Ntvnews.id, Jakarta - Direktur Jenderal Perundingan Perdagangan Internasional Kementerian Perdagangan (Kemendag), Djatmiko Bris Witjaksono, menyampaikan bahwa pemerintah masih mengupayakan agar proses negosiasi tarif dagang dengan Amerika Serikat (AS) dapat diselesaikan pada kuartal III tahun 2025.
“Kita upayakan (rampung sebelum kuartal 3 berakhir),” ujar Djatmiko saat ditemui di kantornya, Jakarta, Kamis, 28 Agustus 2025.

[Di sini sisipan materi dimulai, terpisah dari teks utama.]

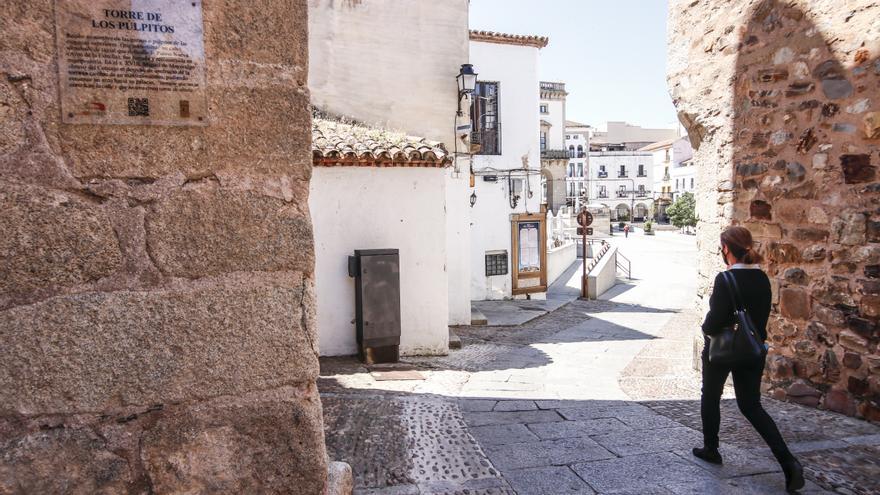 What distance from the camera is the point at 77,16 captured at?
1513mm

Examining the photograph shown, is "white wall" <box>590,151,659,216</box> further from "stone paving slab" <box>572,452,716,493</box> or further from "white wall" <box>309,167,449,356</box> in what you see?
"stone paving slab" <box>572,452,716,493</box>

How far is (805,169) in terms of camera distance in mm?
4922

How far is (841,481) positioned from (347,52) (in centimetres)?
938

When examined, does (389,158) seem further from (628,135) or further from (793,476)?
(628,135)

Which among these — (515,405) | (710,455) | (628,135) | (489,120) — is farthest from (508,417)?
(628,135)

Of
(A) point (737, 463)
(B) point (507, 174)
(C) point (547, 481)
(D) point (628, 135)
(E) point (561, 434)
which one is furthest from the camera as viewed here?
(D) point (628, 135)

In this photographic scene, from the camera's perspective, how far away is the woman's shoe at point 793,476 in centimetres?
323

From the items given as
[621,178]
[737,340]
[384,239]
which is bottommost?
[737,340]

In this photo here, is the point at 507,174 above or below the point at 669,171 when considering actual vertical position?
below

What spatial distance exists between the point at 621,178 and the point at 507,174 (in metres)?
53.3

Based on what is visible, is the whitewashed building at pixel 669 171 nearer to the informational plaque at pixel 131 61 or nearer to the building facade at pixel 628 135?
the building facade at pixel 628 135

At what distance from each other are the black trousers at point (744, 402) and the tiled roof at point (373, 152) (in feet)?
16.6

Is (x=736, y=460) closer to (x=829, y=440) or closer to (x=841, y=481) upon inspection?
(x=841, y=481)

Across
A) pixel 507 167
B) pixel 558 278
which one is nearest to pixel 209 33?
pixel 507 167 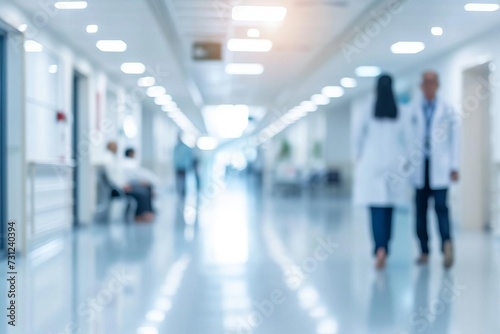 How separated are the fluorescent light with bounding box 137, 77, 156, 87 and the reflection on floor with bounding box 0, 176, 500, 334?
16.1 feet

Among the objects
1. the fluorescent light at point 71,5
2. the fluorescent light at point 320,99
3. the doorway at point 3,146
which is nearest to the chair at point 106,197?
the doorway at point 3,146

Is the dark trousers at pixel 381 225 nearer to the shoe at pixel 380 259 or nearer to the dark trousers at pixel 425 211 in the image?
the shoe at pixel 380 259

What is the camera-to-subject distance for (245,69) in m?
11.8

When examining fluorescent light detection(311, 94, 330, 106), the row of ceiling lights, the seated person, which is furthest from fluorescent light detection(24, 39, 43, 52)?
fluorescent light detection(311, 94, 330, 106)

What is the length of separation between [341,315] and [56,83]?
528cm

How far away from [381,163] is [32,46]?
3.83 m

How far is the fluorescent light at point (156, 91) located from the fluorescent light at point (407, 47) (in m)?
5.81

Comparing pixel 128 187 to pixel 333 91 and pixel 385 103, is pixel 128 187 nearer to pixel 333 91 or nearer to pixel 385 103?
pixel 385 103

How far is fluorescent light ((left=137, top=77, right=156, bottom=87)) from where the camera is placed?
38.7ft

Pernyataan tersebut menindaklanjuti kemungkinan adanya perubahan tarif impor sebesar 19 persen sebelum 1 September 2025, sebagaimana pernah disampaikan Menteri Perdagangan (Mendag) Budi Santoso pada awal Agustus.
Djatmiko menjelaskan bahwa pemerintah Indonesia masih secara intensif melakukan pembahasan dengan pihak AS terkait penetapan tarif dagang tersebut. Meski demikian, ia belum dapat memastikan waktu pasti kapan kesepakatan bisa dicapai.
“Saya enggak bisa ngomong kapannya, saya enggak bisa berandai-andai. Tapi kita harapkan, ya, pokoknya nanti sampai semua bisa disepakati dan diterima oleh dua belah pihak,” kata Djatmiko.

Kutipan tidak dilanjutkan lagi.